[Opening PROVIDED RECORDS section]
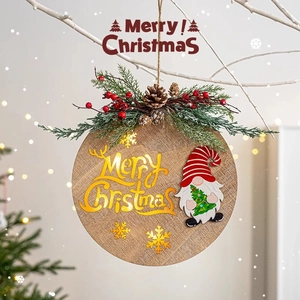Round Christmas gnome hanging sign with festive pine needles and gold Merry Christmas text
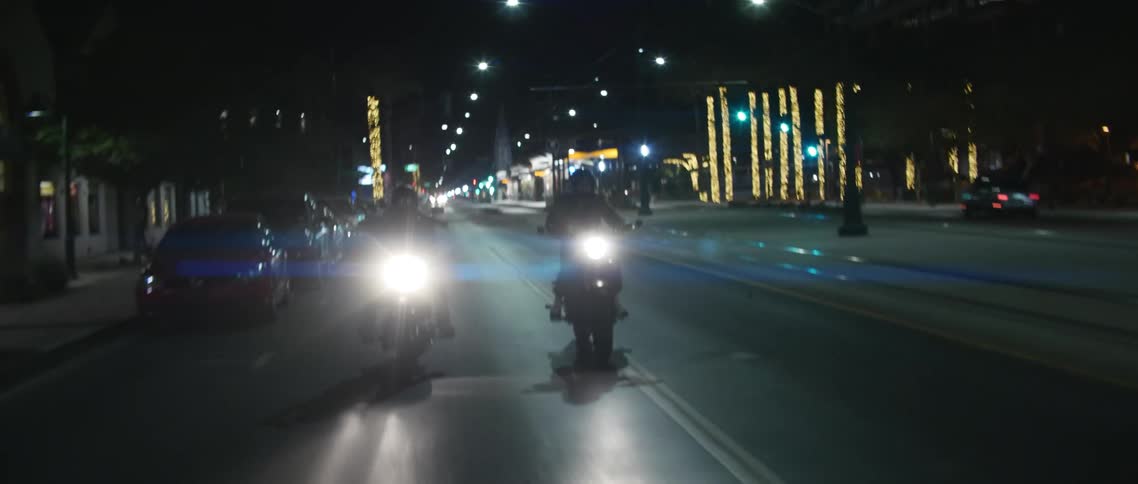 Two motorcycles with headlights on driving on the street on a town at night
[Closing PROVIDED RECORDS section]
[Opening PROVIDED RECORDS section]
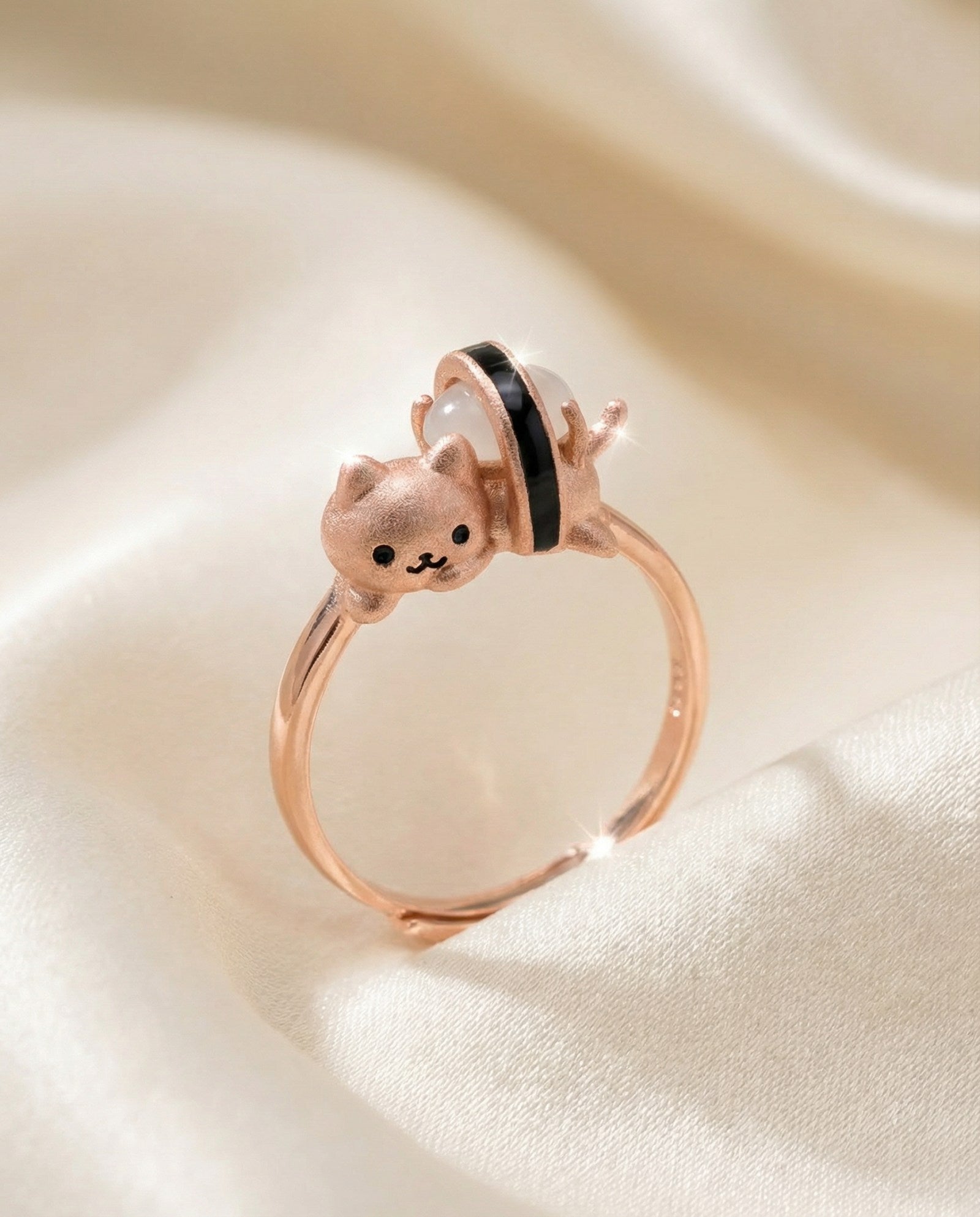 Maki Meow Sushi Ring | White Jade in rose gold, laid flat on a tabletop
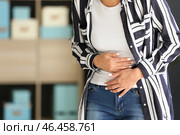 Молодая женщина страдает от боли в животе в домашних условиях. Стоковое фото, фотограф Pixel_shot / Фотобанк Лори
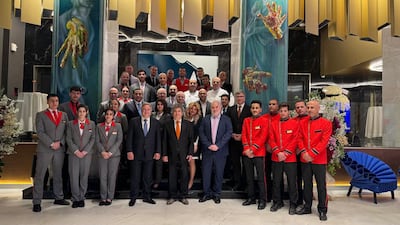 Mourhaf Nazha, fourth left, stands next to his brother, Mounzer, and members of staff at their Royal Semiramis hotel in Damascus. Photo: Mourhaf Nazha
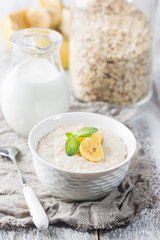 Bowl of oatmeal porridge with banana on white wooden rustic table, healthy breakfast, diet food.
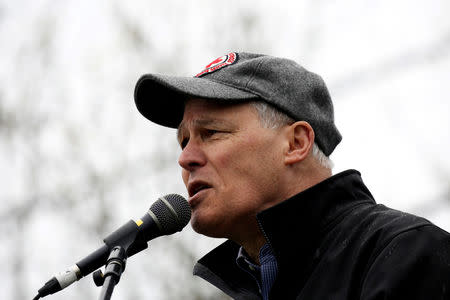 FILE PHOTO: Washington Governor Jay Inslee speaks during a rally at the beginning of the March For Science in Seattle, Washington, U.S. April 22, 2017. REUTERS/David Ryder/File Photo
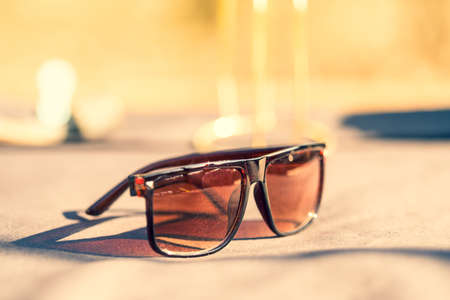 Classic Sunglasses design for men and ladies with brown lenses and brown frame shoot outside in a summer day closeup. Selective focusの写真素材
[Closing PROVIDED RECORDS section]
[Opening PROVIDED RECORDS section]
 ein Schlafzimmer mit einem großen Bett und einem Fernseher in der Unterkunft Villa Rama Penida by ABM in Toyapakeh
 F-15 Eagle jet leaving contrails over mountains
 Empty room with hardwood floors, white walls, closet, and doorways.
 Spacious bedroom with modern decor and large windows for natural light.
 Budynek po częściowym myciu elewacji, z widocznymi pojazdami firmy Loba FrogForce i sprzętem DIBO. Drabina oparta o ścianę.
[Closing PROVIDED RECORDS section]
• _ABOUT THIS TASK_
An exact copy of the lines above from the one with "Round Christmas gnome" up to and including the one with "Two motorcycles with" is required; reproduce only those lines, omitting all pictures.

• _YOUR RESPONSE_
Round Christmas gnome hanging sign with festive pine needles and gold Merry Christmas text
 Two motorcycles with headlights on driving on the street on a town at night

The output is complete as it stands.